For production environments, create a configuration class:

public class HudiConfig {
public static Map<String, String> getProductionConfig() {
Map<String, String> config = new HashMap<>();
// AWS S3 Configuration
config.put("hoodie.datasource.write.storage.type", "COPY_ON_WRITE");
config.put("hoodie.datasource.hive_sync.database", "production_db");
config.put("hoodie.datasource.hive_sync.table", "user_profiles");
config.put("hoodie.datasource.hive_sync.enable", "true");
// Performance tuning
config.put("hoodie.parquet.max.file.size", "134217728"); // 128MB
config.put("hoodie.parquet.block.size", "134217728"); // 128MB
config.put("hoodie.parquet.page.size", "1048576"); // 1MB
// Compression
config.put("hoodie.parquet.compression.codec", "gzip");
// Cleaner configuration
config.put("hoodie.cleaner.fileversions.retained", "3");
config.put("hoodie.cleaner.commits.retained", "10");
return config;
}
public static Map<String, String> getAWSS3Config(String bucket, String region) {
Map<String, String> config = new HashMap<>();
config.put("fs.s3a.access.key", "your-access-key");
config.put("fs.s3a.secret.key", "your-secret-key");
config.put("fs.s3a.endpoint", "s3." + region + ".amazonaws.com");
config.put("fs.s3a.region", region);
config.put("hoodie.base.path", "s3a://" + bucket + "/hudi-tables/");
return config;
}
}

Running the Application

Ensure you have Spark installed or run in local mode
Compile and run the application:

   mvn clean compile exec:java -Dexec.mainClass="HudiUpsertApplication"

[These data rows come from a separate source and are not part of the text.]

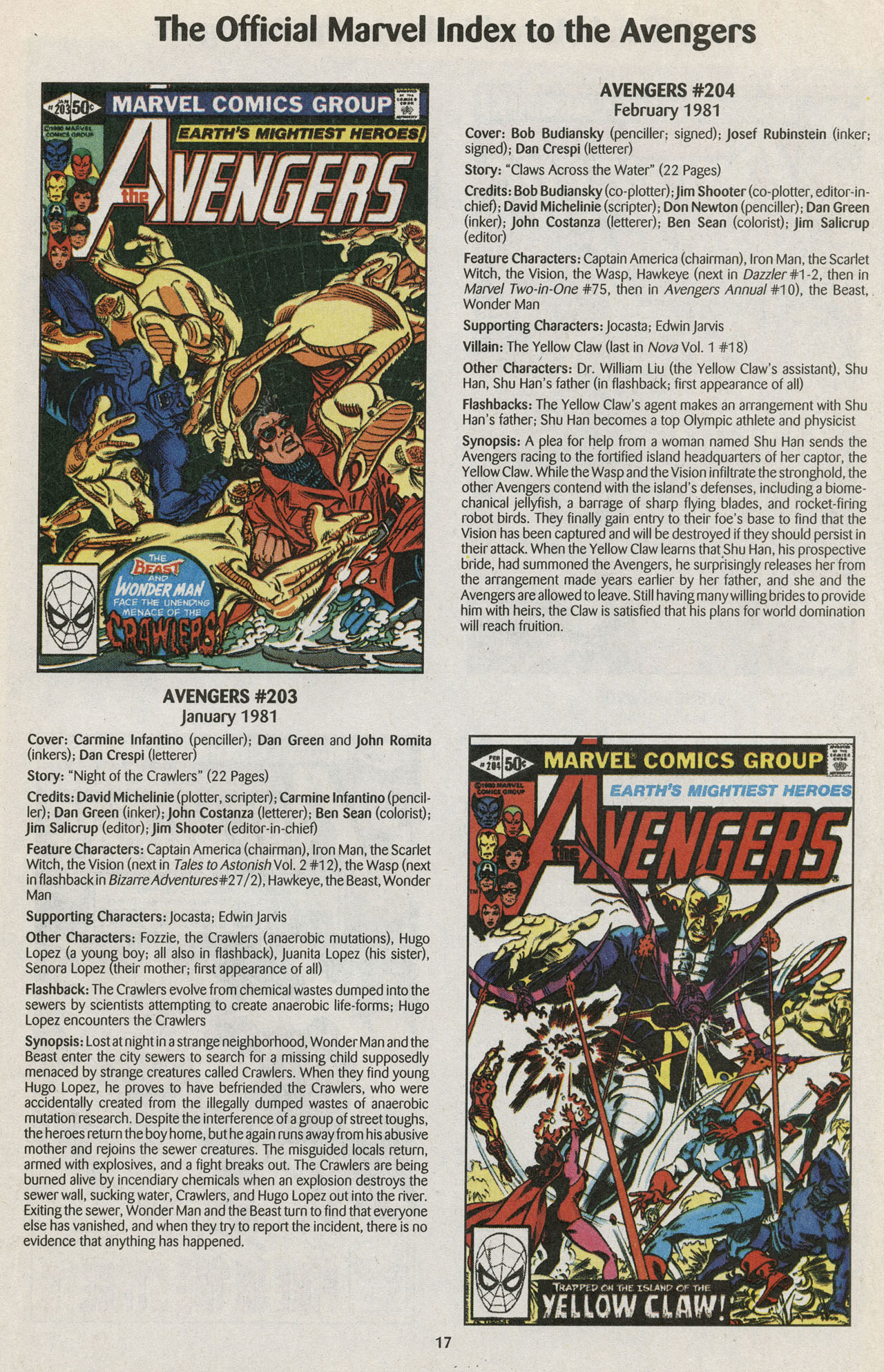 Read online The Official Marvel Index to the Avengers comic -  Issue #4 - 19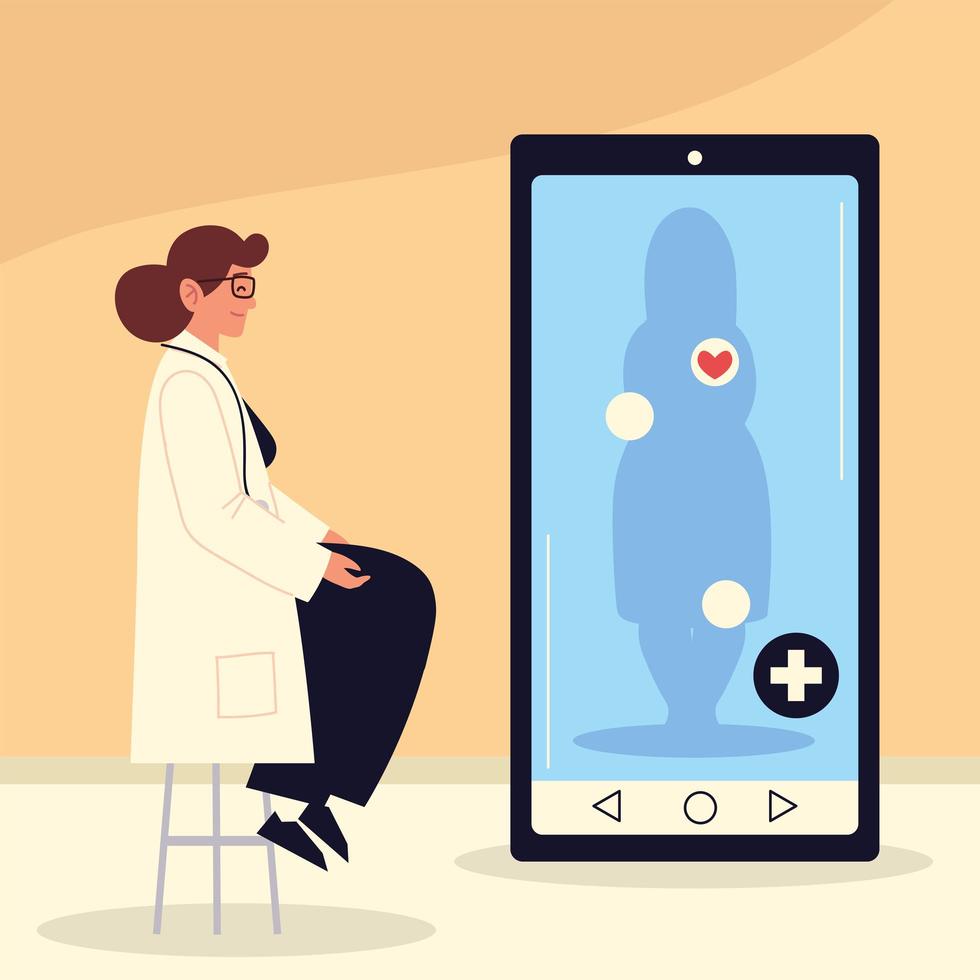 online health check-up vector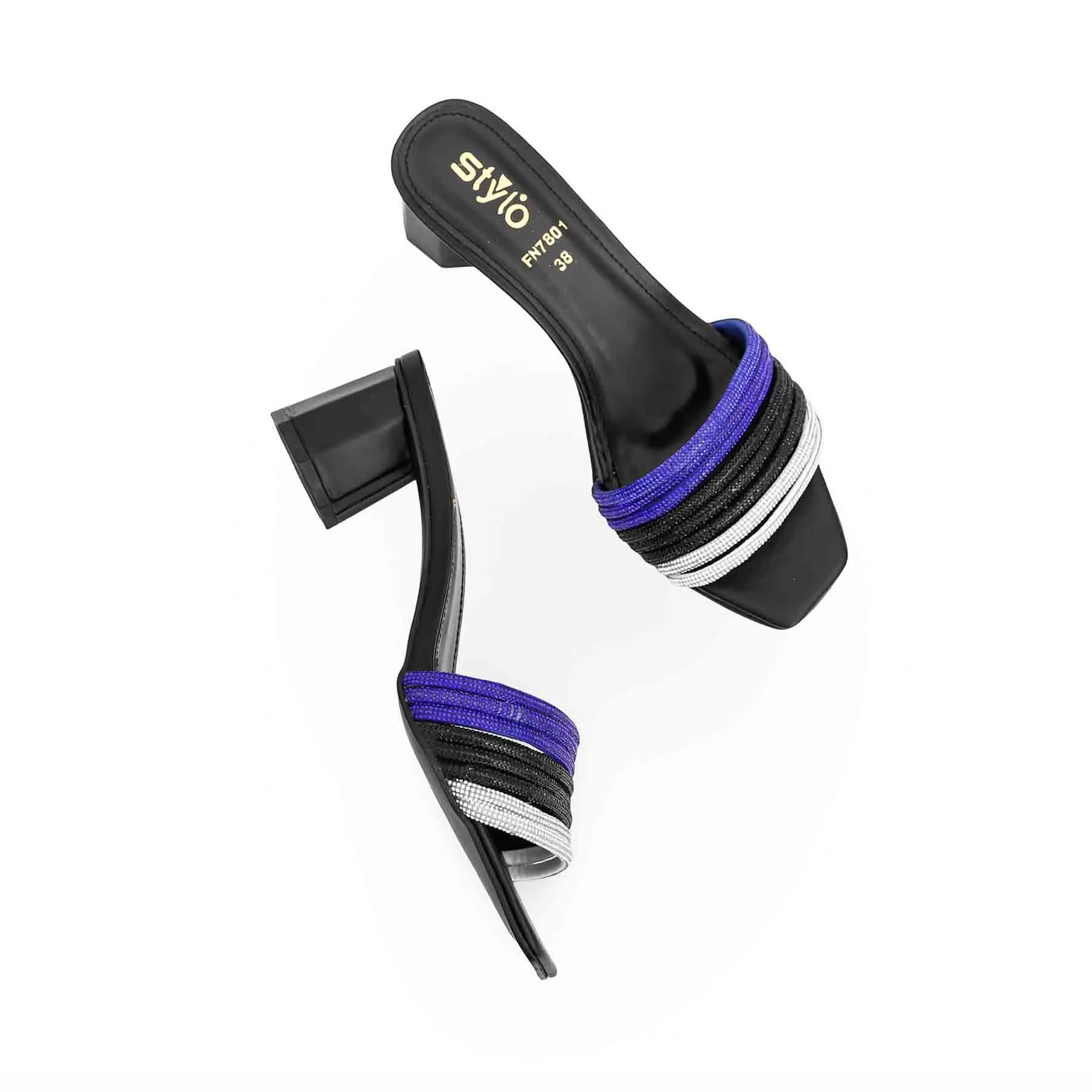 Black Fancy Slipper FN7801 Power Move Chic Pumps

Observe the output showing:

Initial table creation
Upsert operations (updates and inserts)
Delete operations
Table state after each operation

Production Best Practices

1. Table Type Selection

// For read-heavy workloads
options.put(DataSourceWriteOptions.TABLE_TYPE().key(), "COPY_ON_WRITE");
// For write-heavy workloads with frequent updates
options.put(DataSourceWriteOptions.TABLE_TYPE().key(), "MERGE_ON_READ");

2. Partitioning Strategy

// Partition by date for time-series data
options.put(DataSourceWriteOptions.PARTITIONPATH_FIELD().key(), "createdDate");
options.put(DataSourceWriteOptions.KEYGENERATOR_CLASS_NAME().key(), 
"org.apache.hudi.keygen.SimpleKeyGenerator");
// Multi-level partitioning
options.put(DataSourceWriteOptions.PARTITIONPATH_FIELD().key(), "region,country");

3. Optimized Upserts with Indexing

// Enable Bloom filter indexing for faster upserts
options.put("hoodie.bloom.index.update.partition.path", "true");
options.put("hoodie.bloom.index.bucketized.checking", "true");
options.put("hoodie.bloom.index.prune.by.ranges", "true");

4. Monitoring and Metrics

// Enable metrics collection
options.put("hoodie.metrics.on", "true");
options.put("hoodie.metrics.reporter.type", "GRAPHITE");
options.put("hoodie.metrics.graphite.host", "localhost");
options.put("hoodie.metrics.graphite.port", "2003");

Use Cases for Hudi Upserts

CDC Pipelines: Replicate database changes to data lakes
GDPR Compliance: Handle right-to-be-forgotten requests
Real-time Analytics: Maintain up-to-date dimension tables
Data Deduplication: Remove duplicates during ingestion
Machine Learning: Update feature stores with latest data

Conclusion

Apache Hudi revolutionizes data lake management by bringing database-like upsert capabilities to massive-scale data storage. With Java and Spark integration, you can:

Handle real-time updates and deletes efficiently
Maintain ACID compliance in data lake environments
Enable incremental processing pipelines
Scale to petabytes while supporting frequent updates
Integrate with modern query engines and cloud platforms

By implementing Hudi with proper configuration and best practices, you can build robust, scalable data lakes that support both batch and real-time use cases while maintaining data quality and consistency.